You probably shouldn't be entirely surprised that the Miami Heat are once again the favorites to win the championship, at least according to the oddsmakers in Vegas.
According to gambling destination Bovada.lv, Miami leads the way with 9-to-4 chances while the Los Angeles Lakers hold the second-best prospects at 11-to-4. Needless to say, acquiring Dwight Howard helped narrow a gap that was once much wider.
Isn't it fair to ask by now whether there should be a gap at all?
Sure, the Heat got better, but the Lakers got significantly better. And it's not as if the Heat were unbeatable throughout the postseason. Heat fans can blame that on the prolonged loss of Chris Bosh, but they'd be wise to remember that the New York Knicks were missing key pieces (Jeremy Lin, Iman Shumpert) and Boston Celtics were playing hurt (Paul Pierce, Ray Allen).
And for their part, the Oklahoma City Thunder's third-leading scorer James Harden went awfully cold.
More importantly, neither the Heat nor any other team has had to face this season's Lakers.
That they are an unknown commodity cuts both ways to be sure.
For all we know, the Lakers could implode on account of old legs, bad chemistry, a failed new offense or some combination of all the above.
We should know better though, and so should the Heat.
The Lakers now have something that no team in the Western Conference can offer: a big man capable of dominating the game on both ends of the floor. It should go without saying Miami doesn't have an answer for Dwight Howard either.
LeBron James may be able to guard five positions, but he can't guard Howard.
Nor can Chris Bosh, Udonis Haslem or Joel Anthony.
The Lakers also have a point guard who will make the rest of the team exponentially better.
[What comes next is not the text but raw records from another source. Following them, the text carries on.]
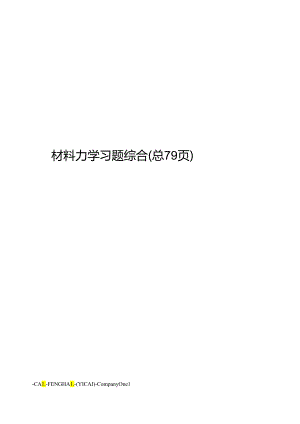 材料力学习题综合.docx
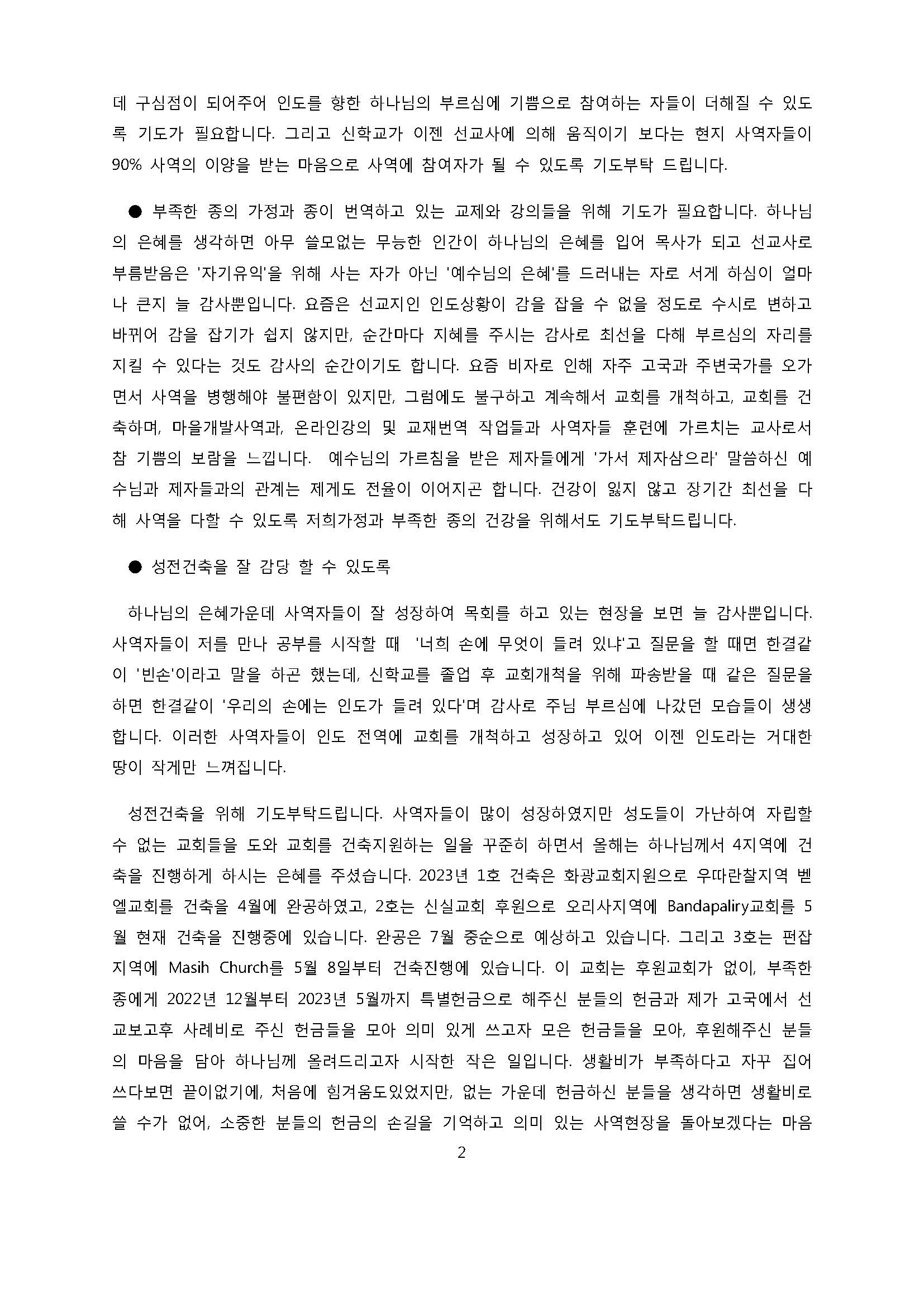 인도 기도편지 2023년 6월7월(이정태, 이주연)_페이지_2.jpg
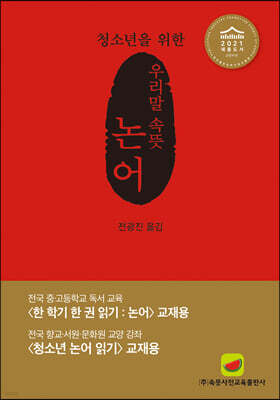 우리말 속뜻 논어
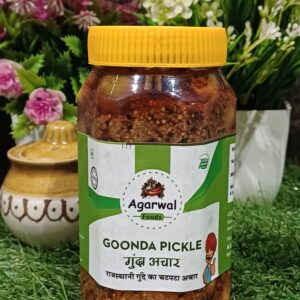 Goonda Pickle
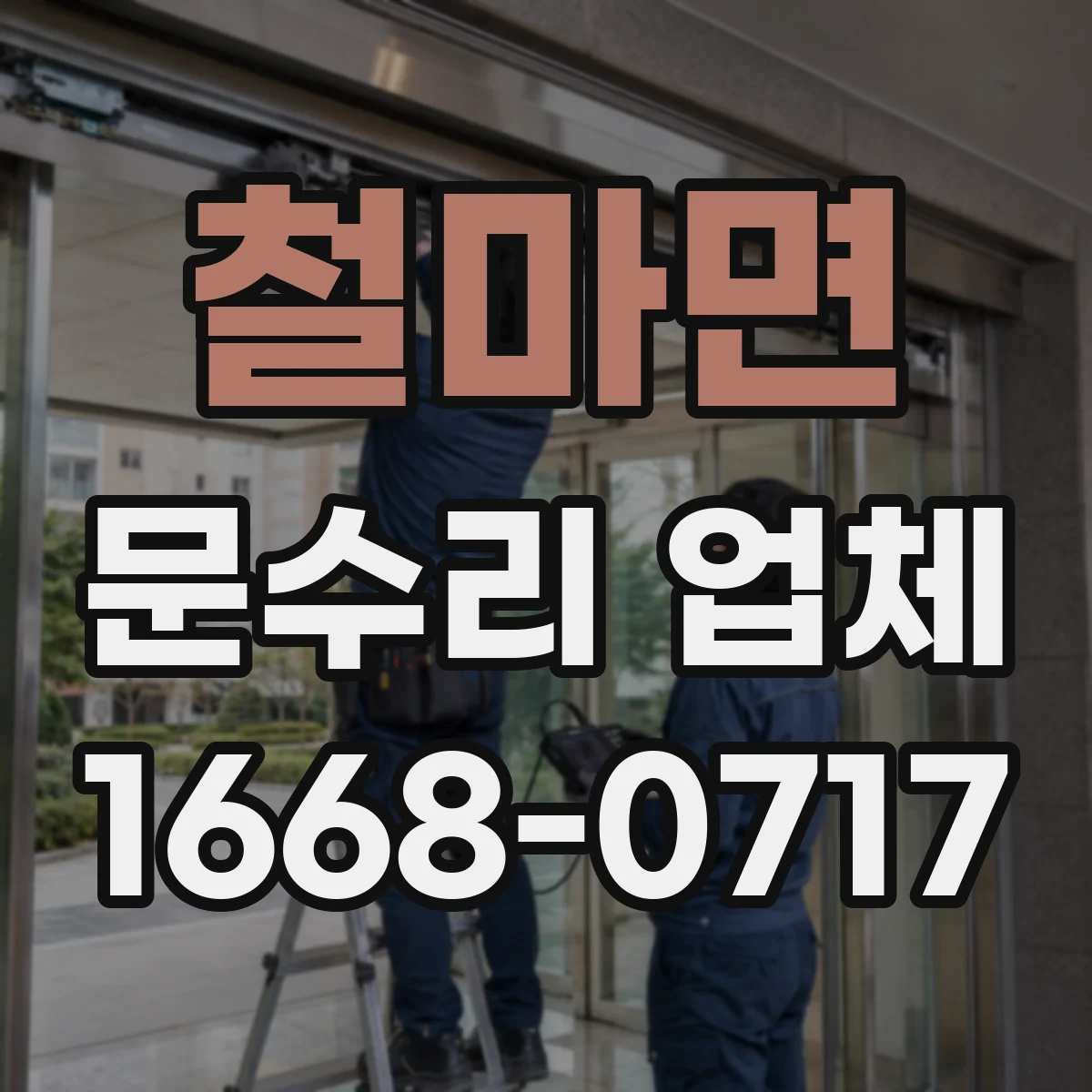 철마면 문수리 업체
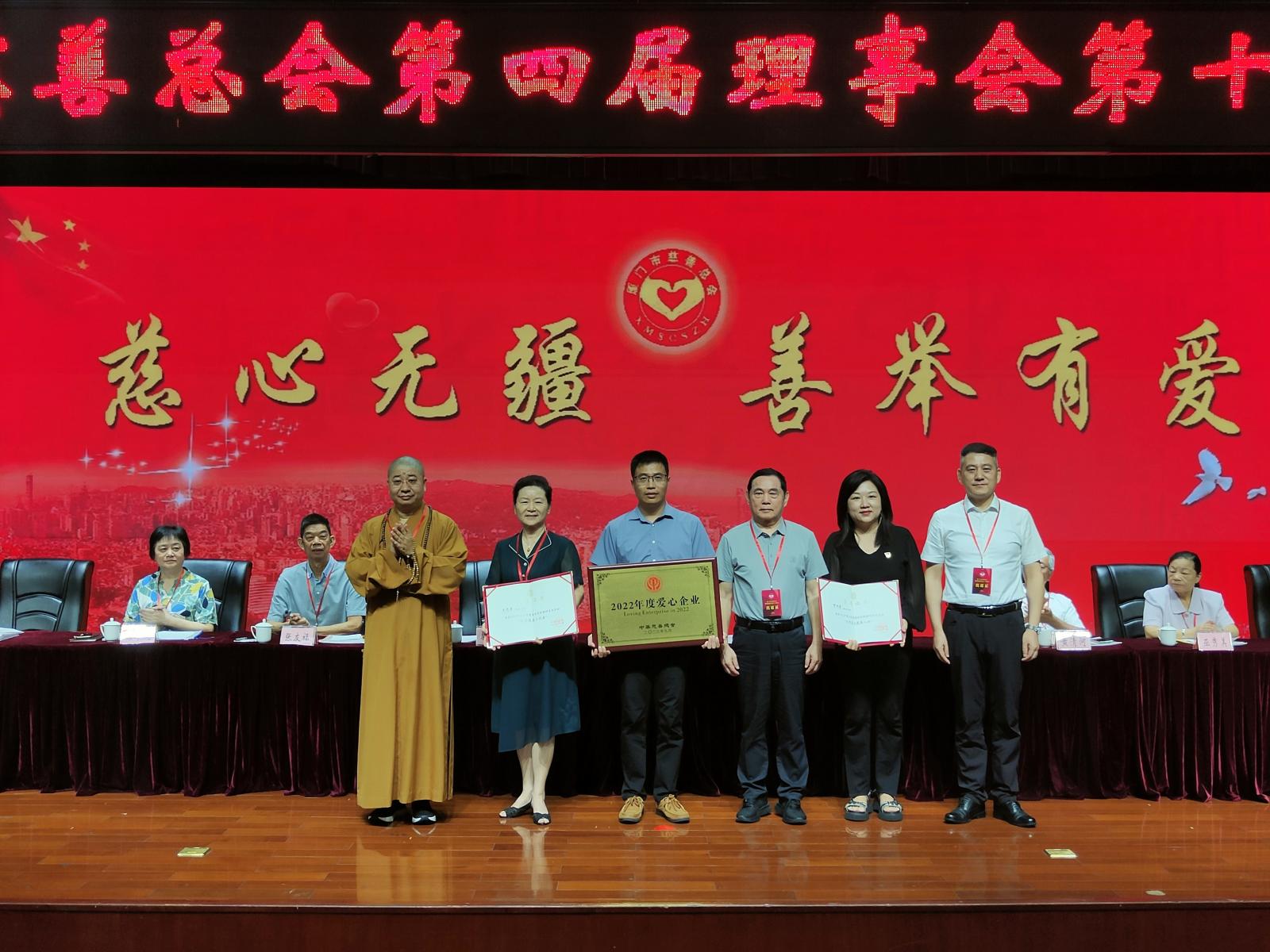 首页|尊龙集团中国官方网站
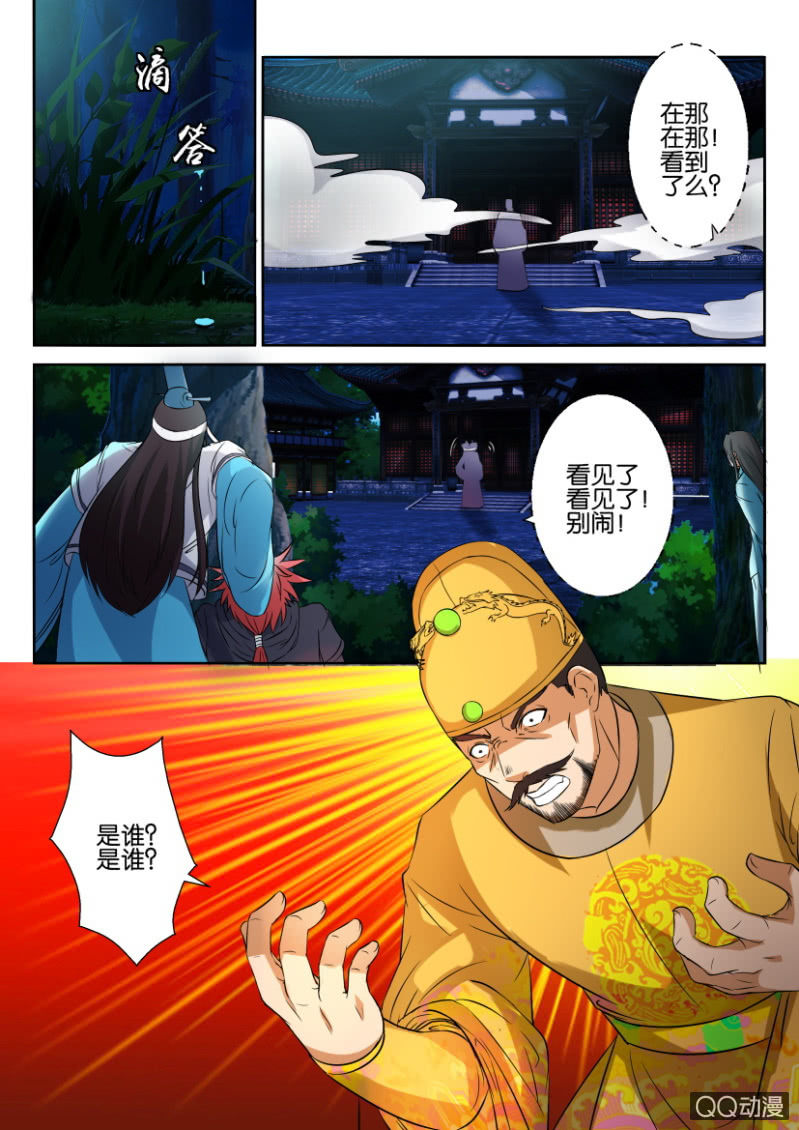 第六十六回-第66话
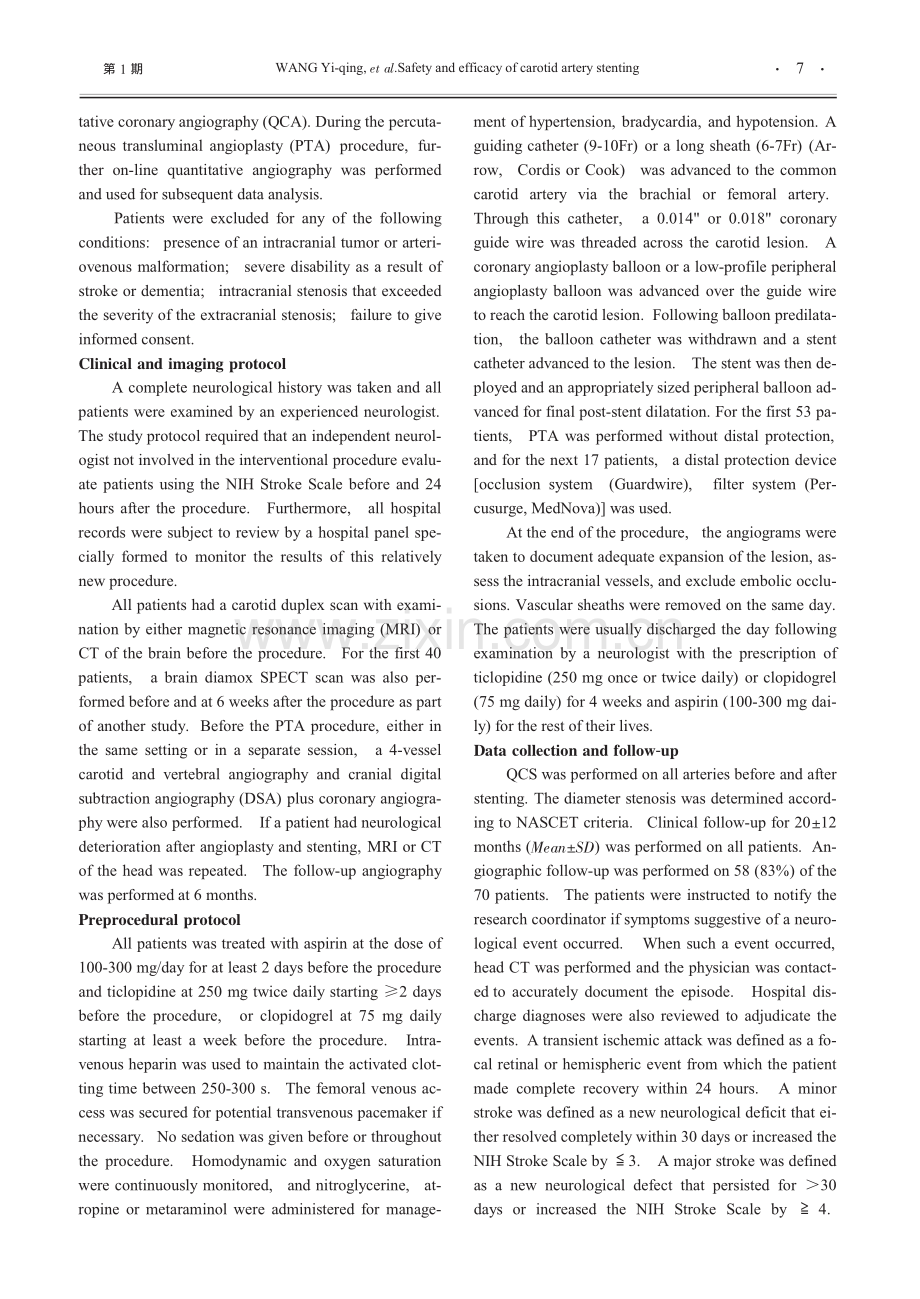 颈动脉支架的安全性和有效性.pdf_第2页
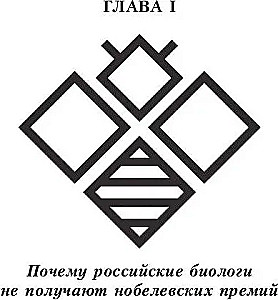 От генетики к эконике. Истоки и перспективы нового направления в общей биологии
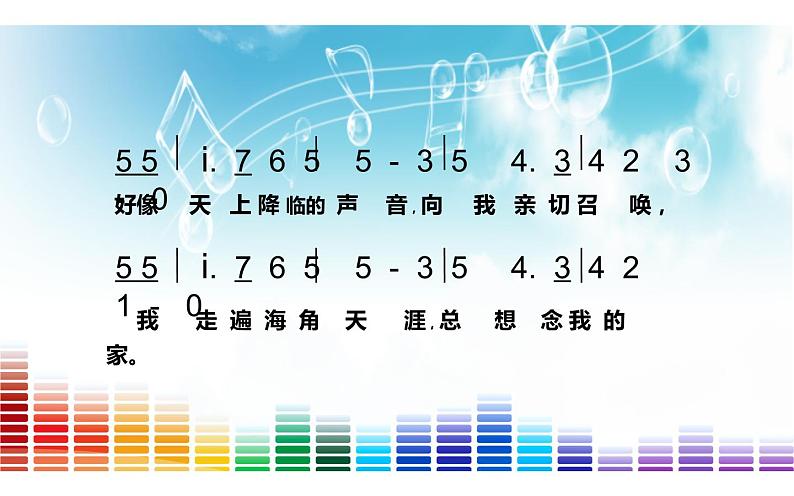 第二单元 唱歌 可爱的家 课件（15张）-2021-2022学年人教版三年级下册音乐课件07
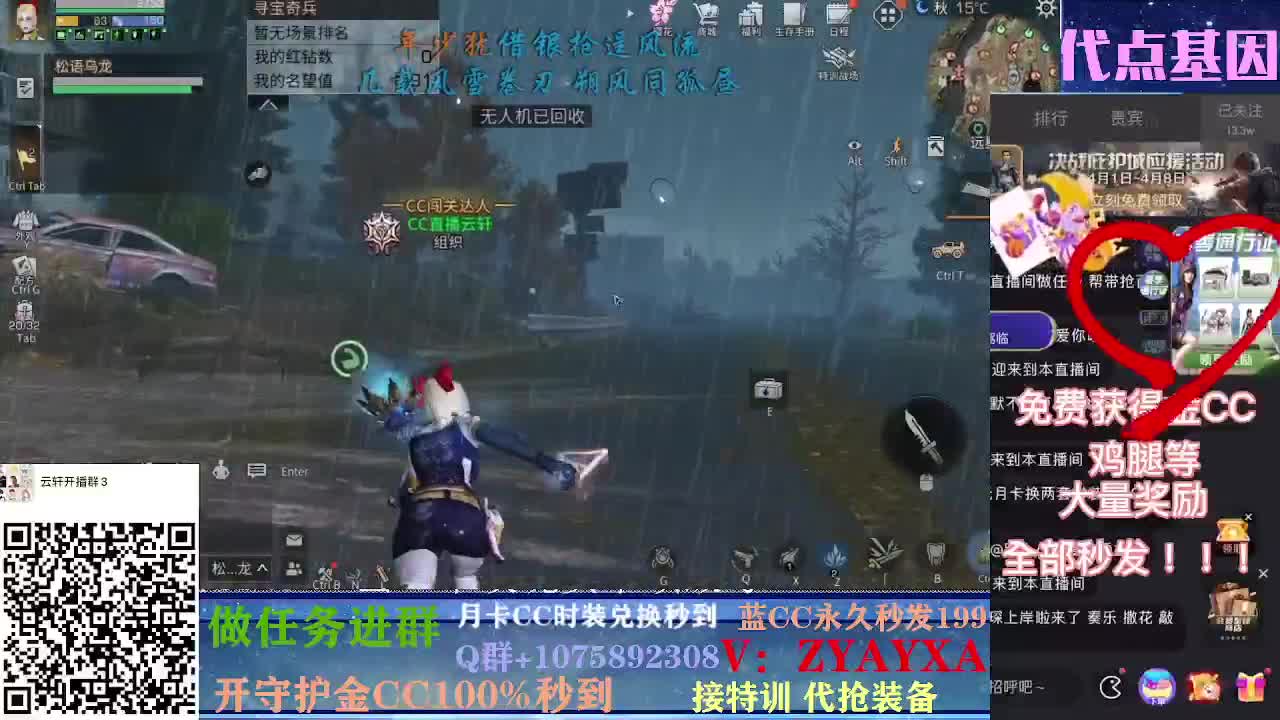 秋日远星大战！ 第2段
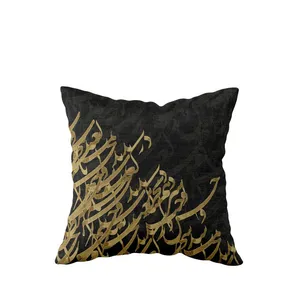 کاور کوسن مدوپد طرح ندا مدل pod00134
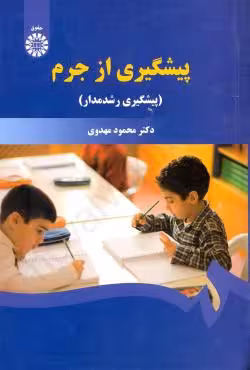 پیشگیری از جرم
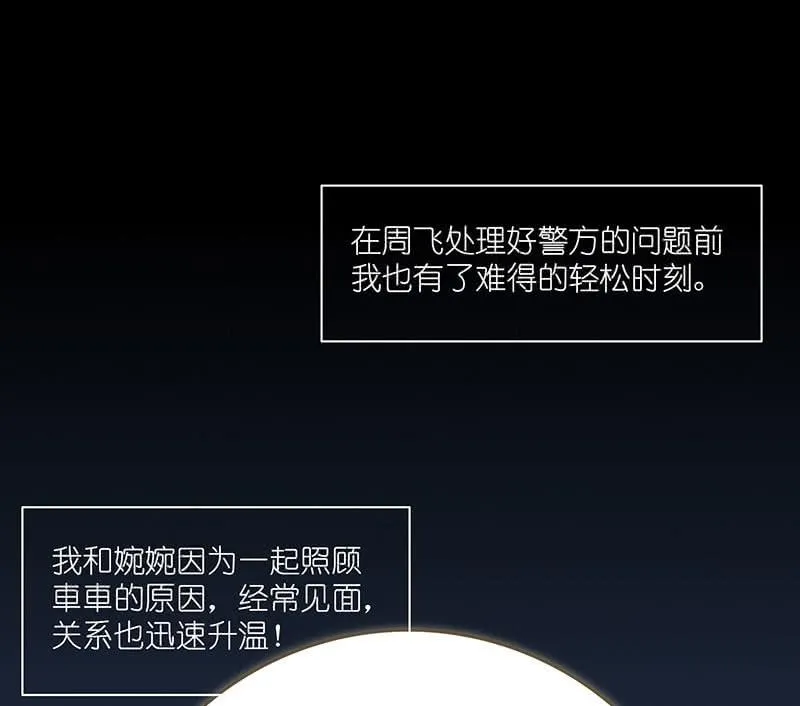 技能：100%被打断！ 第35页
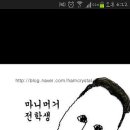 방가방가 PC 이미지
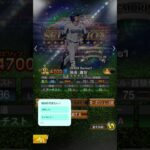 筒香嘉智さんを振り返る！！ #プロスピa #プロ野球 #プロスピ #shorts #野球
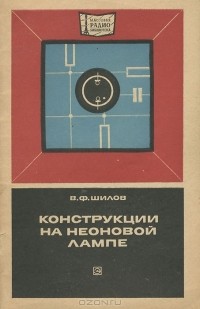 Лампы. Какие выбрать? Устройство и принцип работы ламп.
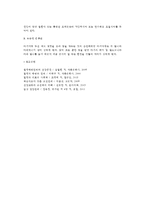[영유아기의 영양] 영유아의 신체성장과 소화흡수기능, 영유아 영양권장량, 유아영양의 문제점, 영유아기 영양상태의 중요성-5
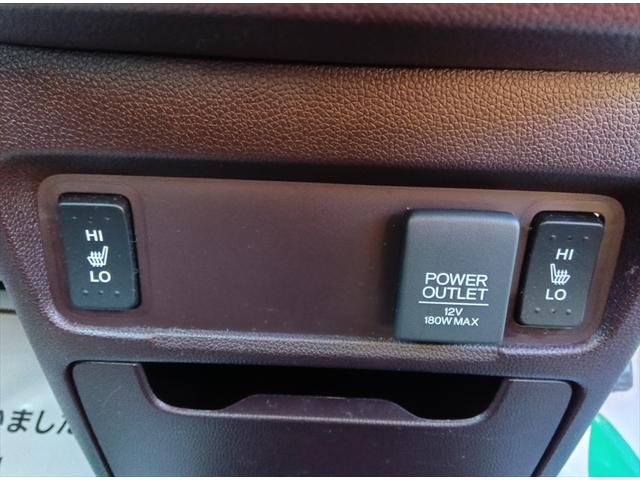 Ｎ－ＷＧＮカスタム 　Ｇ・ＳＳクールパッケージ　ＴＶ　ＡＢＳ　アイドリングストップ　スマートキー　エンジンスターター　ＥＴＣ　バックカメラ　ＣＤ　シートヒーター　ミラーヒーター　横滑り防止装置　４ＷＤ（29枚目）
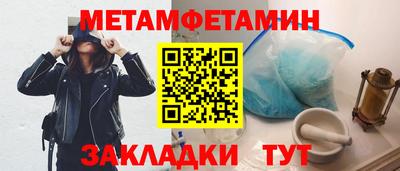 сатива Славянск-на-Кубани
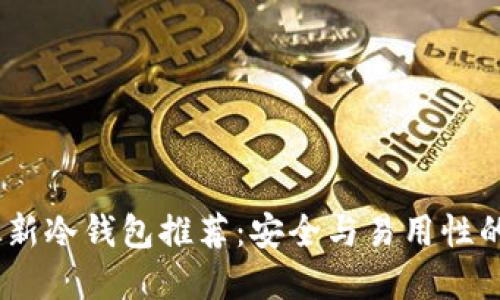 2023年最新冷钱包推荐：安全与易用性的完美结合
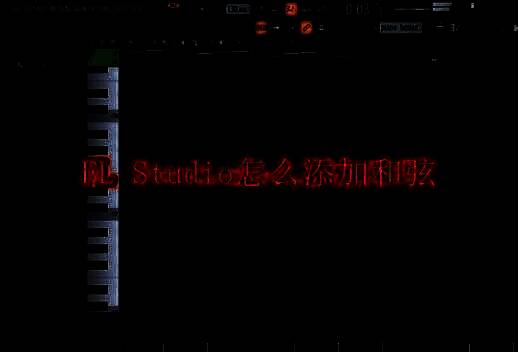 FL Studio软件界面相关图片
LeBron James may be the league's best all-around playmaker at the moment, but even he could learn a thing or two from Steve Nash when it comes to running an offense.
Nash should make Pau Gasol and especially dangerous weapon.
The Spaniard sets hard picks but has incredibly soft hands for a seven-footer, along with an automatic mid-range jumper. That will make him a constant threat in pick-and-roll (or pick-and-pop) situations.
Miami also earns plenty of credit for its perimeter defense and deservedly so.
After all, if the Heat shut down the Thunder, and the Thunder best Kobe Bryant, what hope does Bryant have against defenders like Dwyane Wade, LeBron James and Shane Battier? Well, he had a fair amount of luck last season when he scored 28.5 points on 50 percent shooting in his two games against Miami.
But more than any single new face, the Lakers will also go into this season with a much better bench. Free-agent additions Antawn Jamison and Jodie Meeks will spread the floor, and Jordan Hill will benefit from spending training camp and a full season with the team.
LeBron may be versatile, but he can only be in one place at one time. The Lakers have four difference-makers and an improved supporting cast.
Regardless of what the odds say, Los Angeles is now the NBA's team to beat.